Dans la dernière vidéo publiée le 4 janvier 2021 sur sa nouvelle chaîne “Bulle d’Auré”, (la précédente ayant été supprimée par YouTube pour des questions de droits d’auteur), la jeune femme se dit “un peu fatiguée” à cause de son travail, mais “hyper heureuse”. Elle évoque la création de sa propre structure et semble envisager de nombreux projets.
Une nouvelle habitante de Bédarieux
Aurélie Vaquier a grandi à Poussan, où vit encore son frère Jérémy. Elle est la fille de l’ancienne adjointe à l’éducation Véronique Hébert, qui a donné son nom à l'une des écoles primaires de la commune.

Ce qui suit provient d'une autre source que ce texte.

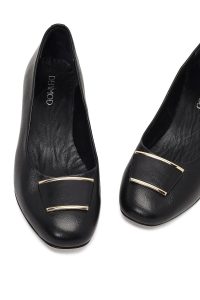 کفش زنانه چرم مشکی پاشنه‌کوتاه ضخیم دری مد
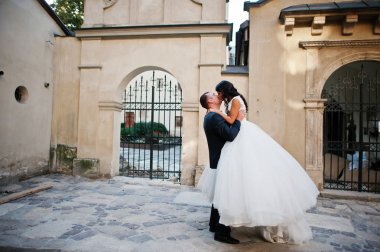 Eski t sokakta öpüşme genç Düğün çifti çarpıcı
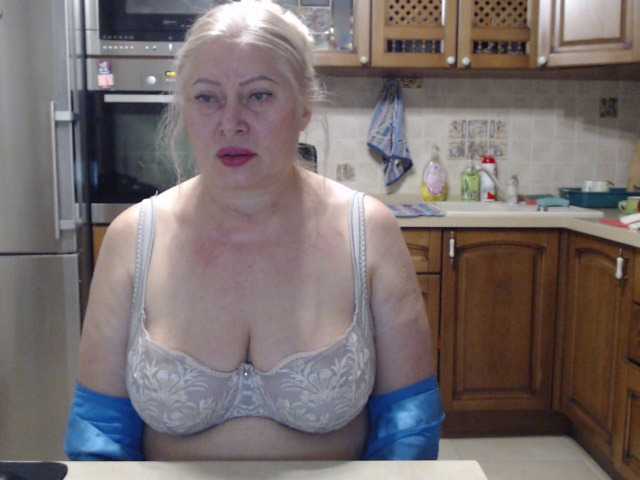 Live sex webcam photo for Marionaa #277622303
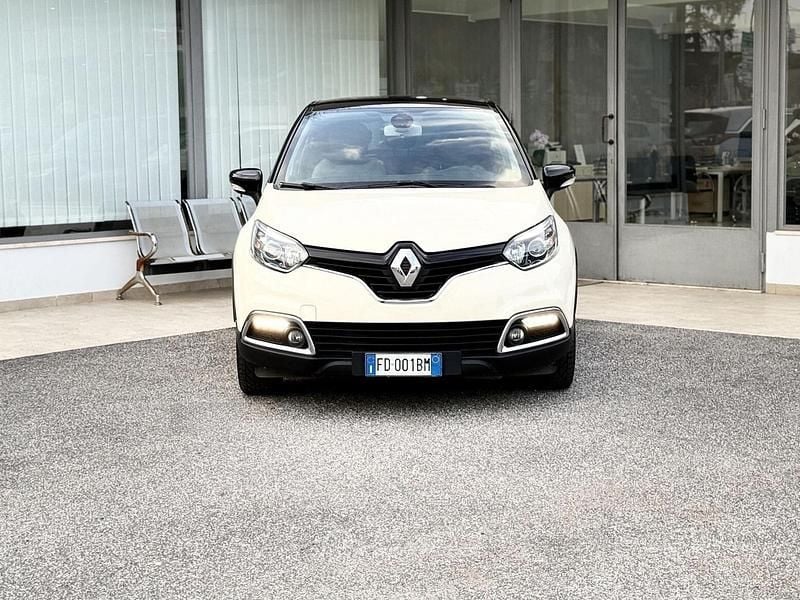 Usata Renault Captur 90 CV (66 kW) 2016 Beige SUV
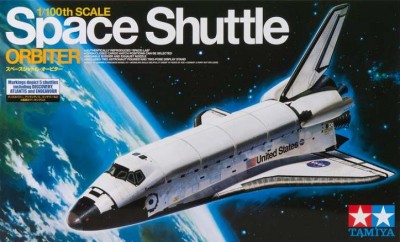 Tamiya 60402 Shuttle Atlantis 1/100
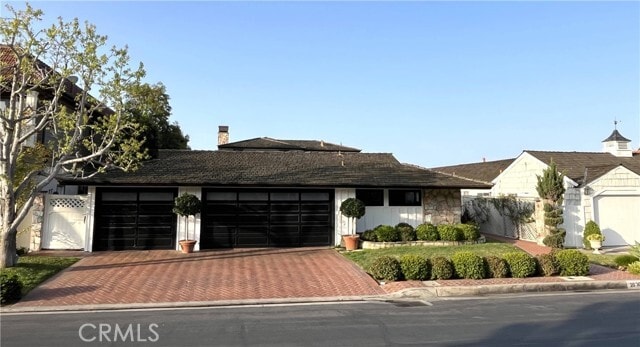 2636 Bayshore Dr in Newport Beach, CA - Building Photo - Building Photo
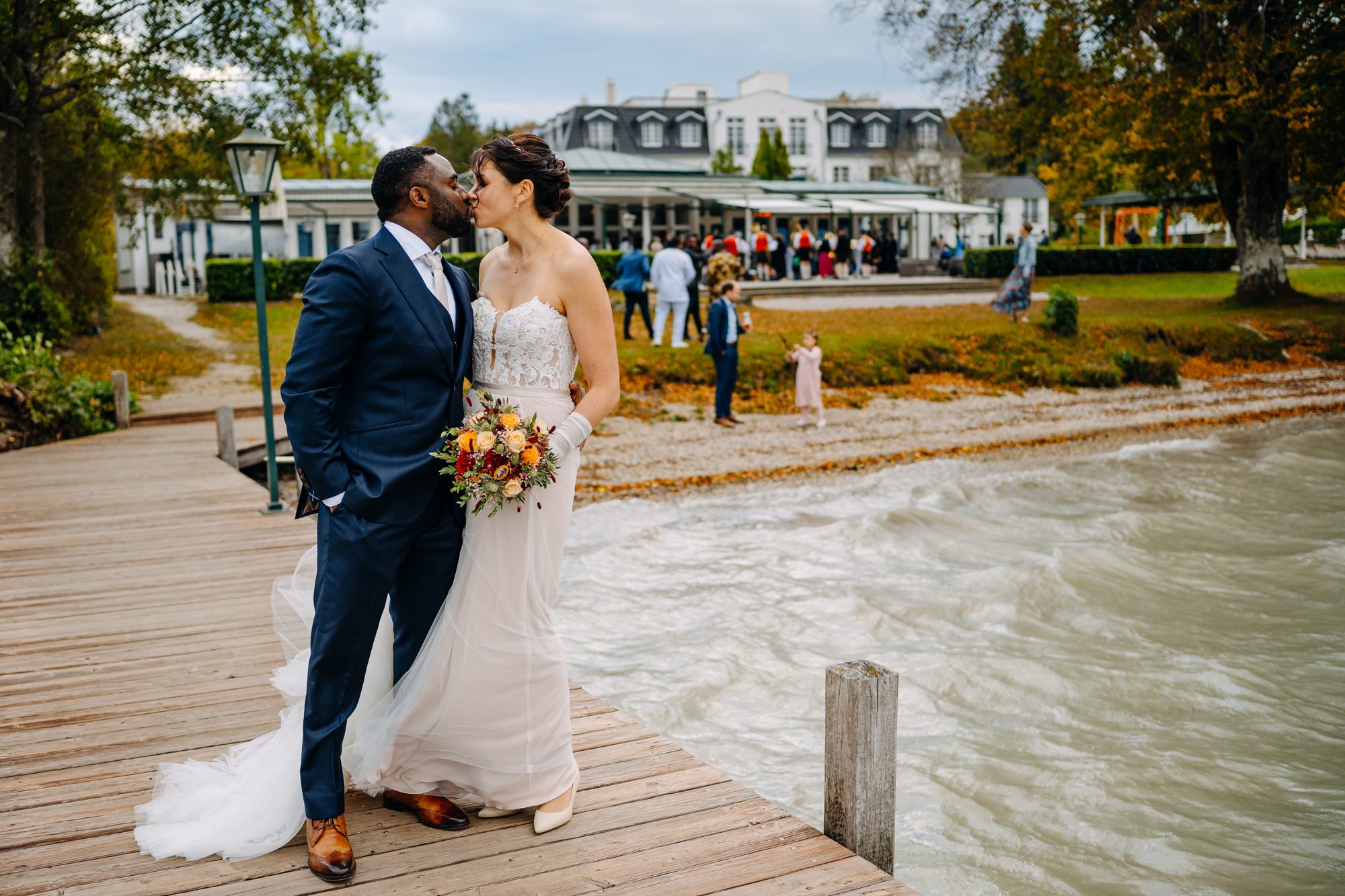 Bridal couple Ammersee – natural Wedding photos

La jeune femme n’a emménagé à Bédarieux avec son compagnon qu’en novembre 2020. Elle commençait à peine à s’intégrer à la vie de cette commune de 6.000 habitants, située au pied des Monts d'Orb.
Les habitants ont bien souvent découvert son nom et son visage à travers les avis de recherche placardés sur les vitrines du centre-ville.
Sur le marché aux fruits de Bédarieux, Jean-Pierre Servat, primeur, l’avait “croisée une ou deux fois seulement”. “D’autres commerçants, du marché du lundi matin, commençaient à sympathiser avec elle. Elle avait l’air gentille, mais on ne la connaissait pas plus que ça.”
“Les gens se posent des questions… Même s’ils ne la connaissent pas personnellement, ils s’inquiètent pour elle. Certains imaginent qu’elle est partie dans une secte”, rapporte Christine Leseur, boulangère dans la rue principale. “Quand il y a des battues, il y a beaucoup de monde, c’est sûr que ça interpelle”, poursuit-elle.
Martine Fabre, pharmacienne, a elle aussi accroché l’avis de recherche sur sa devanture. “Moi j’habite ici depuis toujours et je suis complètement dépitée de voir ça”, souffle-t-elle. “Qu’on disparaisse comme ça… Si c’est de son plein gré, ça va, mais sinon c’est affolant.”
Pour l'heure, le procureur de Béziers et les gendarmes en charge de l'enquête ne s'expriment pas sur ce dossier.